Although the famous graphic depictions of sex and sexuality in the fabliaux are ostensibly heterosexual, often featuring a husband and wife at their center, the texts are rife with queer imagery. Whether through cross dressing or the presence, absence, or misplacement of genitalia, the fabliaux counter traditional and essentialist notions of sex and gender through their exploration of queerness. Running parallel to these confusions, obfuscations, and disguises of gender and sexuality are misunderstandings, miscommunications, and deceptions of language. Language and gender often work in conjunction in the fabliaux, with each exposing the ultimate fallibility of the other. Just as neither clothes nor genitals can reliably signal gender, neither can words reliably represent reality. Characters in the fabliaux alternately deceive and find themselves deceived by the subversion of their expectations of both gender and language. Characters find—or sometimes don’t notice—that words don’t fit their meanings, just as gender does not always match its performance. When language fails, so does its representation of gender. The deconstruction of gender in the fabliaux ultimately exposes the fallibility and inadequacy of verbal expression. In the fabliaux, queerness outs language.
“The Gelded Lady.” The Fabliaux. Translated by Nathanial E. Dubin, Liveright Publishing Corporation, 2013, pp. 407-439.
“The Healer.” The Fabliaux. Translated by Nathanial E., Dubin, Liveright Publishing Corporation, 2013, pp. 525-531.
“Long Butthole Berengier.” The Fabliaux. Translated by Nathanial E. Dubin, Liveright Publishing Corporation, 2013, pp. 213-229.
“Saint Martin’s Four Wishes.” The Fabliaux.

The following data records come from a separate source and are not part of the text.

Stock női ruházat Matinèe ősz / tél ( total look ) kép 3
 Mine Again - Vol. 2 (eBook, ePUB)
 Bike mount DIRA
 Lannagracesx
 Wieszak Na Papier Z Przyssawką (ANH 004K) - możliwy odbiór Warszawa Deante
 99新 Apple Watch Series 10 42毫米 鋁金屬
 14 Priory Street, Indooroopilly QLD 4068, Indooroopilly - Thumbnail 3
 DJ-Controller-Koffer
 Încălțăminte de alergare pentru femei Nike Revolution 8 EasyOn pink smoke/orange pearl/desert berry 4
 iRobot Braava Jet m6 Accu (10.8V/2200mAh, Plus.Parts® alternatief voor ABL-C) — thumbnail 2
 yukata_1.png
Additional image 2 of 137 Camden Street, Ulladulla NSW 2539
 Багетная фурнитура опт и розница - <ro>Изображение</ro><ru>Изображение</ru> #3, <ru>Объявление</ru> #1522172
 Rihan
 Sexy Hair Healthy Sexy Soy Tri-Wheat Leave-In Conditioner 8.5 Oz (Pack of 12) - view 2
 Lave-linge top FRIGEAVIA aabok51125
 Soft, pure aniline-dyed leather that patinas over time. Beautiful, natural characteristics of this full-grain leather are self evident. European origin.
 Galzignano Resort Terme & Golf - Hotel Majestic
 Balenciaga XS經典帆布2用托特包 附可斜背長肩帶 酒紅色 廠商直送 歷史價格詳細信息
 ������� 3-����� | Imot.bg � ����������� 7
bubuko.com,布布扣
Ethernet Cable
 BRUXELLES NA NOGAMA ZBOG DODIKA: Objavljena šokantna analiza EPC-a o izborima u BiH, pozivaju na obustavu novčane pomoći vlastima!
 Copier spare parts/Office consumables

Translated by Nathanial E., Dubin, Liveright Publishing Corporation, 2013, pp. 885-895.
Lesley Johnson. “Women on Top: Antifeminism in the Fabliaux?” The Modern Language Review, vol. 78, no. 2, 1983, pp. 298–307. JSTOR.
Solberg, Janet L. “‘Who Was That Masked Man?’: Disguise and Deception in Medieval and Renaissance Comic Literature.” The Stranger in Medieval Society, edited by F.R.P. Akehurst and Stephanie Cain Van D’Elden, NED – New edition ed., vol. 12, University of Minnesota Press, 1997, pp. 117–138. JSTOR.
White, Sarah Melhado. “Sexual Language and Human Conflict in Old French Fabliaux.” Comparative Studies in Society and History, vol. 24, no. 2, 1982, pp. 185– 210. JSTOR.